Traditional museum buildings are imposing, often built in a sepulchral neoclassicist style that hulks over people below while insisting on a particular Western-centric idea of art and history. Modernism introduced glass and concrete, but many museums continued to glower, guarding their treasure from the outside.
Photography courtesy of SO-IL featuring Amant arts campus in Brooklyn, NY
There have been some changes since – many a side effect of the commercialisation of museums as competing tourist attractions with an eye on audience numbers – but the old model remains robust even as architects and museum directors have tried to create museums that reflect changing times.
Imagining the Future Museum: 21 Dialogues with Architects, by journalist and cultural strategy advisor András Szántó, presents a valuable survey of how architects are thinking about museums today. Szántó spoke with 28 architects who have contributed to recent museum projects.
The results are fascinating, though seldom surprising. Szántó finds that ‘Museum architecture is moving away from the design conventions of the museum as a secular church, aiming to convey its relevance in a language that is not so sacral or hierarchical.’
Photography courtesy of Kerstin Thompson Architects featuring the Bundanon Art Museum & Bridge
Architects suggest decentralisation, handing more agency to visitors and a need to work at the social avant-garde. Words like ‘open’, ‘porous’ and ‘transparent’ keep cropping up.
The three museums most often cited as models — the Centre Pompidou in Paris, Lina Bo Bardi’s São Paulo Museum of Art and Jørgen Bo and Vilhelm Wohlert’s Louisiana Museum outside Copenhagen – all embody this sense of openness. There are lots of interesting ideas.

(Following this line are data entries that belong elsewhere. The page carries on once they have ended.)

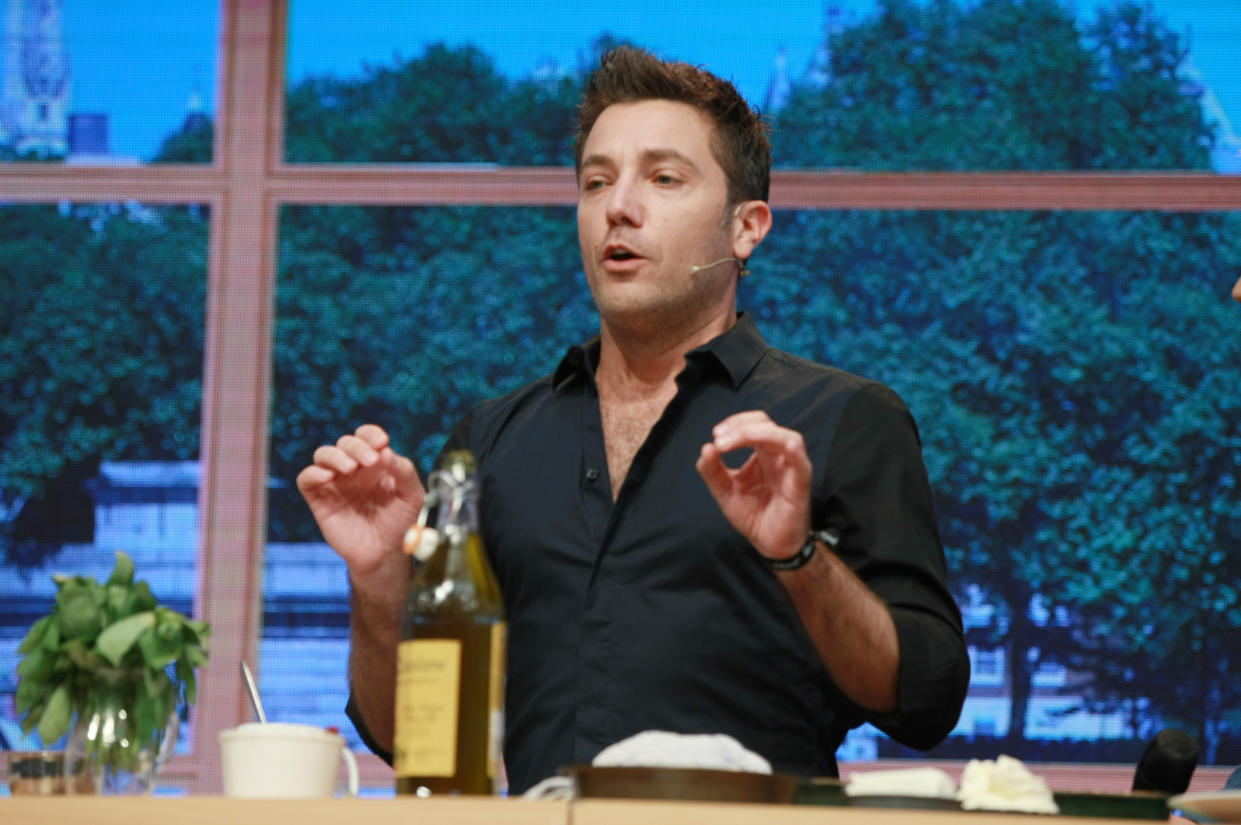 BIRMINGHAM, UNITED KINGDOM - MAY 18: Gino D'Acampo at This Morning Live held at the NEC Birmingham on May 18, 2017 in Birmingham, England. 

PHOTOGRAPH BY Graham Stone / Barcroft Images

London-T:+44 207 033 1031 E:hello@barcroftmedia.com -
New York-T:+1 212 796 2458 E:hello@barcroftusa.com -
New Delhi-T:+91 11 4053 2429 E:hello@barcroftindia.com www.barcroftimages.com (Photo credit should read Graham Stone / Barcroft Media via Getty Images / Barcroft Media via Getty Images)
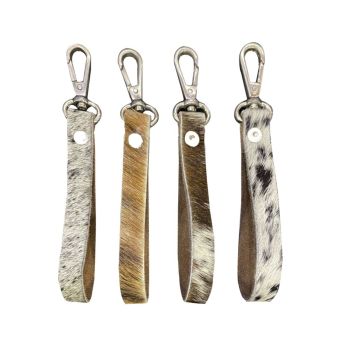 Showman Hair on Cowhide Wristlet Loop/Keychain Clip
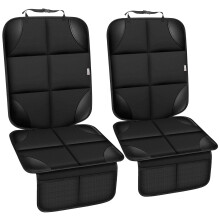 Car Seat Protector for Child Car Seat, Non-Slip Backing No Imprints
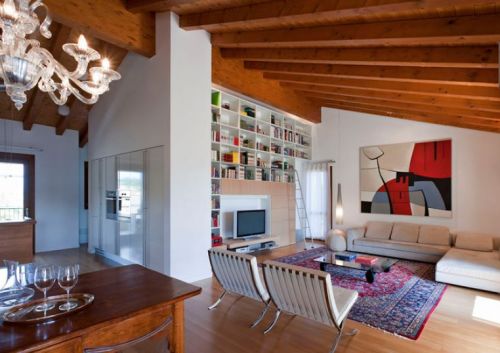 Archisio - Dario Poles - Progetto Interior design attico a pordenone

Some are easily implementable.
Kulapat Yantrasast speaks eloquently on trying to refute a single Western narrative and instead creating a ‘garden of ideas and stories’ with no set route. David Adjaye offers a more radical vision for disaggregation, where major institutions are replaced by ‘a globally decentralised nodal network’. Though this is unlikely to happen anytime soon, it does throw up a challenge to the regional concentration of museum buildings. The most valuable part of Szántó’s project, however, might be its record of the present museum.
Museums remain among the most aesthetically interesting and functionally multi-layered structures built, and all of the architects interviewed have worked on significant exemplars, from Arquitetos Associados’ work at the outdoor Instituto Inhotim to MVRDV’s basket-like Depot Boijmans Van Beuningen. Imagining the Future Museum provides a broad-ranging record of the museums challenging conventions today.